Algunas palabras y hechos deben repetirse hasta el cansancio, como la historia de la Osa chaqueña… Gracias a Edgar, Bazzano y Kike por tan grata lectura.

Aquí una crónica estupenda de Tomás Eloy Martínez sobre las editoriales cartoneras y la crisis:

Boca iba a perder ante Newell´s Old Boys en la Bombonera la tarde del sábado 14 de febrero, pero en vísperas del partido nadie podía imaginarlo. Los devotos llegaban al estadio con la ilusión de festejar, las banderas en alto, las gargantas inspiradas. Turistas de Israel, Brasil y Alemania peregrinaban desde el cruce de la calle Brandsen y la avenida Almirante Brown, donde por unos pocos pesos se hacían fotografiar abrazados al imitador de Diego Maradona, un muchacho fornido y de rulos que lucía una camiseta de la selección argentina con el número 10. Al pasar por lo que fue un garaje y ahora es un escaparate con más colores que los del espectro solar, en el número 467 de la calle Brandsen, un turista ya calcinado preguntó si la entrada al estadio era por ahí. “Por acá nomás, rubio; derechito, sesenta metros”, informó la Osa, servicial, mientras ofrecía: “¿Te pinto la cara de azul y oro?
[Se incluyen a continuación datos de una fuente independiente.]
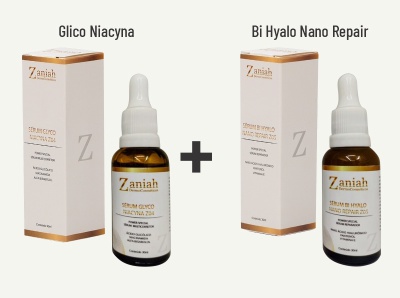 Kit Anti-Manchas Niacyna + Anti-Idade BI Hyalo Zaniah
A voluntad, ¿eh?”. El muchacho aceptó un corazón con los colores de Boca en cada mejilla y le extendió un billete de diez pesos. “¿Esto es un comedor?”, preguntó, apuntando con el índice a una larga mesa tendida en la vereda, a la que se sentaba una decena de personas, cada quien con su plato de pastas. “No, chabón. Esta es una reunión de Eloísa Cartonera. Somos una cooperativa; hacemos libros con cartón. Pero aquí, al lado, te podés comprar un choripán riquísimo.”